# Aluminum boat restoration question



## Cola Boy (Mar 26, 2011)

I am looking to restore an aluminum boat, and my question is the following: Once I have all the old paint removed, what type of primer can I use, and where is it available? I am aware of the two part kit that is sold at West Marine, but it only covers 450sqft and is $80. Anyone ever use the self-etching primer in a spray can, and is the same stuff available in a can to use with my own sprayer?


----------



## SHO-NUFF (May 30, 2011)

Google "BLP" paints in Mobile. They closed the Pensacola store, but have one in Daphne close to the Bass Pro Shop right off the Interstate. 

I restored an old V-hull Jon boat a few years back and used the green self etching primer and a polyurethane topcoat called "Mothane". It has held up way better than expected from heavy saltwater use, sprayed well, and I half-assed prepping the boat.
I bought a gallon of Mothane in a white base color and they gave me black tint I mixed to make a grey color for the inside, and blue tint make a baby blue for the outside.
Its cheap too! Primer, paint and activator was about 65 bucks for all of it.


----------



## Badbagger (Apr 27, 2011)

tinboats.net - a wealth of info and endless reading


----------



## Big Mikes Fiberglass (Sep 23, 2008)

Automotive Painter Supply, located on Pace Blvd. in Pensacola.

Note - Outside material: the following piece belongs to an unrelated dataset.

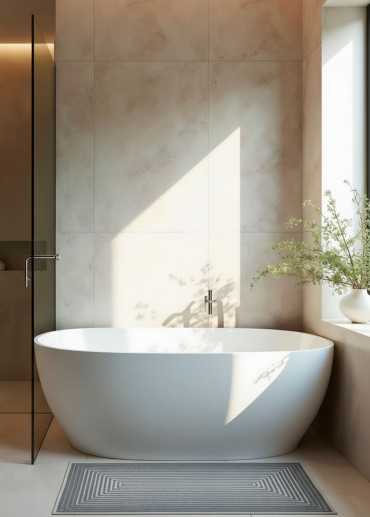 Tapis salle de bain MYKONOS 09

Phone number is 434-7655 will have everything that you need and will be able to answer any questions that you may have.

Hope this helps,
Big Mike
www.bigmikesfiberglass.com
850-206-4499


----------



## Cola Boy (Mar 26, 2011)

Thanks for the replies. Gonna check out what was posted. :thumbsup:


----------



## brtc (Dec 12, 2011)

I posted an aluminum rebuild in the flounder gigging section. The thread is Alumacraft 1436 gigging build. It may help a little. I used the spray self etching primer, I stripped it with aircraft stripper all the way to the bare aluminum. It took over two weeks to sand it, but it came out looking great in my opinion. If you have any questions, I'll try to help.

http://www.pensacolafishingforum.com/f32/alumacraft-1436-gigging-build-129565/


----------